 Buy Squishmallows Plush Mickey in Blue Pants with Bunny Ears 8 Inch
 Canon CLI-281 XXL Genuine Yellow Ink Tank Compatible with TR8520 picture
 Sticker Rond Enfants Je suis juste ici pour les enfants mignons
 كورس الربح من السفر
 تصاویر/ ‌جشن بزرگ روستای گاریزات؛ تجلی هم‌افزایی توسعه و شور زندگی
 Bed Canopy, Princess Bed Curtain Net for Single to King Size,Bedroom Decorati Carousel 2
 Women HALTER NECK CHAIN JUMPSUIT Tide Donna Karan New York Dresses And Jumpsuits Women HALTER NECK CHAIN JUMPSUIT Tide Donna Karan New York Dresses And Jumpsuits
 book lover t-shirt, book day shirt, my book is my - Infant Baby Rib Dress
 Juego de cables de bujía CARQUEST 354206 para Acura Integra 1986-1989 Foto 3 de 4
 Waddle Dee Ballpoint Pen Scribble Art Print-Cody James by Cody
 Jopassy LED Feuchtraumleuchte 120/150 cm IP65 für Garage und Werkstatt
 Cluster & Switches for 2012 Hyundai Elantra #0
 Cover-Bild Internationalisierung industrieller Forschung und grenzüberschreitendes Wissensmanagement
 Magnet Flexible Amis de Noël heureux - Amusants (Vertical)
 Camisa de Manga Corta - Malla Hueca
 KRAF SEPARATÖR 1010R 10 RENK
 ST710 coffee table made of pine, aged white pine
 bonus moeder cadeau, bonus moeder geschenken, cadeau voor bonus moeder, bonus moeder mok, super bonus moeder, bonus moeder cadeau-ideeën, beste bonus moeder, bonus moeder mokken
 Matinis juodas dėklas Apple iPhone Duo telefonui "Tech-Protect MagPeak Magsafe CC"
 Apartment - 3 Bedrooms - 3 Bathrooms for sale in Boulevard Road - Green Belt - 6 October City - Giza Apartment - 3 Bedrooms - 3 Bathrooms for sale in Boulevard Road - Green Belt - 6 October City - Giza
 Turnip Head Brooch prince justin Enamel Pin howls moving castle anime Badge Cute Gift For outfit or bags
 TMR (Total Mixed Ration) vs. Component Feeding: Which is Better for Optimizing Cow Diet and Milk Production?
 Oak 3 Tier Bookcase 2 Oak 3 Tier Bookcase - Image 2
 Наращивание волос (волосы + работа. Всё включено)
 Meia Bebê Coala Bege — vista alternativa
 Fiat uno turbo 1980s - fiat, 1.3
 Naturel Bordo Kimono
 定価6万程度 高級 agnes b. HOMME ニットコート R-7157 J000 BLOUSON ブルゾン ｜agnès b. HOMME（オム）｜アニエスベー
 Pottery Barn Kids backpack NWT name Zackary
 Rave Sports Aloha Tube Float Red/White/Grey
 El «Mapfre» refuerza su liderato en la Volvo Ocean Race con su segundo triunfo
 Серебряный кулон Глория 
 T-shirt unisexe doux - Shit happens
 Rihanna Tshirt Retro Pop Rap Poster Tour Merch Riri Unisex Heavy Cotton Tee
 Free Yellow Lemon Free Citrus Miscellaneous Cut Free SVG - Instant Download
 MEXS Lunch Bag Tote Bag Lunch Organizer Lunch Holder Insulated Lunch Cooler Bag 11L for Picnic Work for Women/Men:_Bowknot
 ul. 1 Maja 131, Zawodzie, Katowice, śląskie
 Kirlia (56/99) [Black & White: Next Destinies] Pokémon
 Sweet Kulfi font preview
──────────
### Your instructions
Reproduce only the lines between the line containing "Free Yellow Lemon" and the last line of the records, those two lines included, exactly.

### Problem solution
 Free Yellow Lemon Free Citrus Miscellaneous Cut Free SVG - Instant Download
 MEXS Lunch Bag Tote Bag Lunch Organizer Lunch Holder Insulated Lunch Cooler Bag 11L for Picnic Work for Women/Men:_Bowknot
 ul. 1 Maja 131, Zawodzie, Katowice, śląskie
 Kirlia (56/99) [Black & White: Next Destinies] Pokémon
 Sweet Kulfi font preview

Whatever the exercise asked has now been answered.